二十五話 ユナイテッド
今日は早めです!
葛葉がその音の出た方向に目を向けると、そこには首輪をつけられリードを掴まれ、しょぼんと情けない顔を浮かべるイサオが四つん這いになっていた。
「これでよし」
「……マジか」
「大マジっ‼︎」
葛葉の溢れた言葉に、イサオは瞬時に最適解を葛葉へ返した。四つん這いの情けない姿で。
「あの、その人は?」
「ん、あぁこの乱暴女? 俺のパーティーメンバーだよ。魔法使いのミヅキだ」
「よろしく、それと誰が乱暴女だって?」
「あっ、ゴメナサイ!」
イサオの言葉にミヅキはちゃんと反応して、イサオの顔を睨め付けた。
「当日はよろしく、かわいい英雄さん」
「っ。……はい、お願いします」
ミヅキの言葉に葛葉は息を呑んだ。
まさか極東まで葛葉が英雄だということが知れ渡っているとは思いもよらなかったのだ。
イサオとミヅキが去って行っていく背中を眺めながら、葛葉は、
「にしても、よく言い争いの場面に出くわすなぁ〜」
と口にするのだった。
ますます一とあの青年の関係性が気になってき、葛葉はあの青年を探そうと歩き出した時だった、
「見つけまシター! アナタが有名なヒーローですネ!」
唐突な元気な声、豊満な乳で伸し掛かってくる身体に必死耐えようと葛葉は足を踏ん張った。

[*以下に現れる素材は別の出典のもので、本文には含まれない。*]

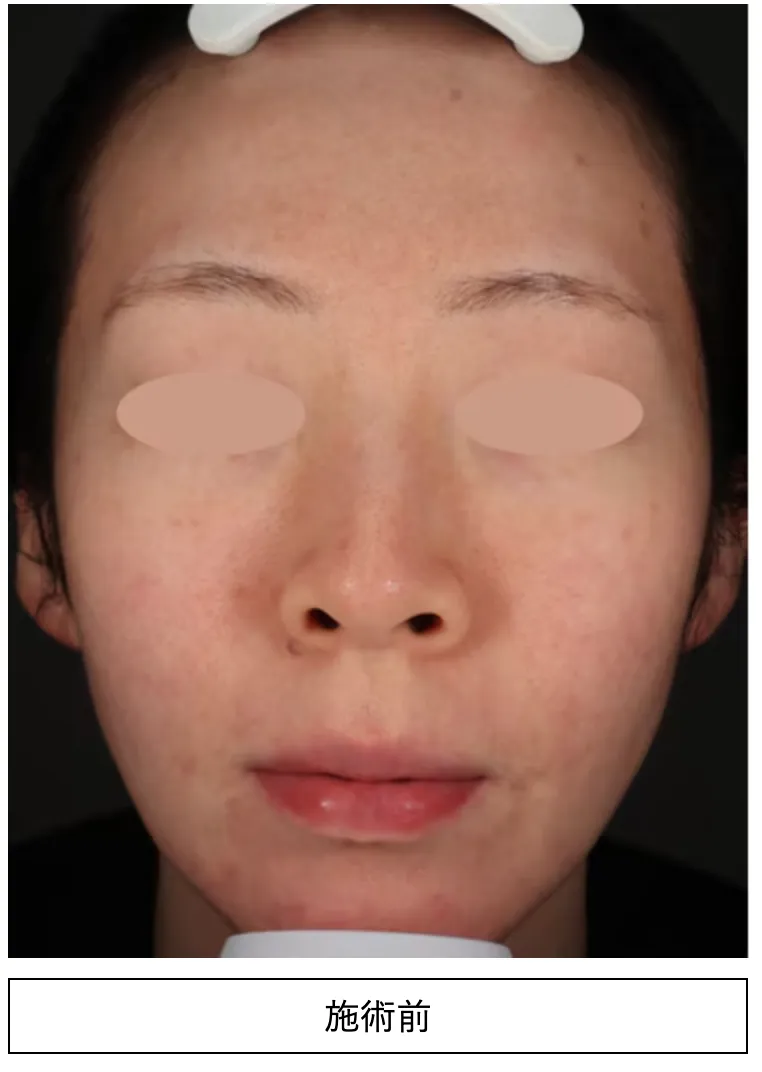 湘南美容クリニックのフォトフェイシャル症例写真の施術前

聞き覚えのあるその声に、今回はパッと名前が出るのだった。
「ヘレンさん⁉︎」
「わぁ! 覚えててくれたんですネ! カンゲキでーす!」
「ぐふぇ!」
名を呼ぶと、伸し掛かってくる人物―――ヘレンが腕にさらに力を込めてきたのだ。
圧迫され葛葉の喉から、今まで出たことのないような声が出てしまった。咄嗟にヘレンの腕を叩くが、力が緩む気配がなかった。
「おいバカ、それ以上やると死ぬぞ」
「え? わわわ!」
葛葉の顔が青くなった頃、凍えるような冷たい声が、ヘレンのことを止めた。咄嗟に力が抜けていき、葛葉の肺には空気が一杯入ってくるようになった。
「ソーリー! マコトにすみません! ダイジョウブですカ⁉︎」
床にへたり込み咳き込む葛葉に、心配そうに声を掛けてくるヘレン。死の淵にいた葛葉はすぐに声が出せなかった。
「まったく、やはり資本主義はダメだな。自由すぎてバカになる、やはり制限された社会、共産主義こそ至高!」
「コミーは黙っててクダサイ!」
「事実だろうが!」
とまたまた言い争いが目の前で起き始め、葛葉が苦笑を浮かべた。これで三度目だ。
それに今回は危険思想が入っている。
「ゴホッ、ケホッ……う、うぅ。……はぁ、ふぅ」
咳き込みが収まり、葛葉は深呼吸をして息を整えようとした。瞑っていた目を開けると、ヘレンが不安そうに葛葉の顔を覗き込んでいた。
「ダイジョウブですカ?」
「あ、んーはい。多分」
ヘレンを安心させる言葉を吐き、葛葉はゆっくりと立ち上がるのだった。